Kafka’nın şu cümlesini hatırlamak gerekiyor:

“Birinin Josef K.’ya iftira attığı besbelliydi; çünkü bir sabah, hiçbir kötü şey yapmamış olmasına rağmen tutuklandı.”

Bugünkü Türkiye tablosunda, “tek adam rejimi”, “saray yönetimi”, “reistokrasi” gibi kavramlar artık akademik değil, hayatın içinden tanımlar haline geldi. Yıllardır Sayıştay raporlarında yer alan yolsuzluk dosyaları –örneğin Melih Gökçek hakkındaki belgeler– rafta tozlanırken, muhalif belediyeler hedef gösteriliyor.

Yargının tarafsızlığını yitirmiş olduğu önemli iddia. Medya büyük ölçüde susturulmuş, sosyal medya sansürlenmiş, gazeteciler ise sistematik olarak hedef alınmış halde. Ekonomik krizin altında ezilen halkın sessiz kalması isteniyor. Muhalefet ise bürokrasiye hapsedilmeye çalışılıyor.
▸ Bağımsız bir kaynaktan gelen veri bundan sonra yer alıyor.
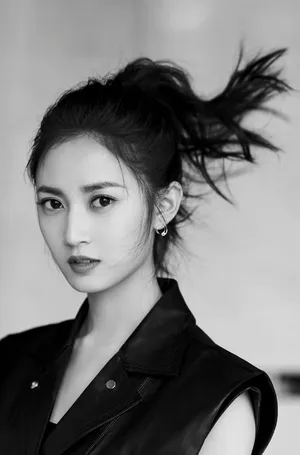 陈钰琪精致大气活动写真图片_8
Şafak operasyonları sıradanlaşsa da, halkın susmadığı ortada. Anketler CHP’yi birinci parti gösteriyor. Halk erken seçim istiyor. Yönetenler eskisi gibi yönetemiyor; yönetilenler ise eskisi gibi yönetilmek istemediği için baskı altına alınıyor.

İktidarın hedefi net: Alternatifsizlik görüntüsü yaratmak.

Oysa unutulmamalı: Demokrasi yalnızca sandığa gitmek değil; seçilmişlerin görevde kalabilmesi, hukukun eşit işlemesi ve ifade özgürlüğünün korunmasıdır. Demokrasi, şafak operasyonların değil her sabah yeniden savunulması gereken bir yaşam biçimidir.

Bugün sessiz kalanlar, yalnızca zulmü meşrulaştırmakla kalmaz; onun kalıcılaşmasına da katkı sunar. Oysa bugün ses çıkarmak, bir cesaret meselesi değil, yurttaşlık sorumluluğudur.

İktidar, CHP’yi yakın geçmişte olduğu gibi sokaktan alıp devlete hapsetmek istiyor. Ama halkın iradesi yalnızca sandıkta değil; meydanda, belediyede, adliyede de var olmak istiyor. Artık hiçbir “şafak operasyonu” kimseyi şaşırtmıyor; halk ise hâlâ susmuyor.

Bu mücadele, “hak, hukuk, adalet”in yalnızca temenni değil; anayasal güvence haline gelmesi içindir.

Çünkü halk hâlâ o sesi duymak istiyor:

“Berlin’de hâkimler var.”

Ve bu topraklarda da bir gün “Ankara’da hâkimler var” diyebilene kadar susmamak gerekiyor.

Aksi halde, adı ne olursa olsun, bu rejim tüm gücün tek elde toplandığı, halkın sadece seyirci konumunda olduğu bir düzene dönüşecektir.

İşte bu yüzden son söz:

Kurtuluş yok tek başına... Ya hep beraber, ya hiçbirimiz.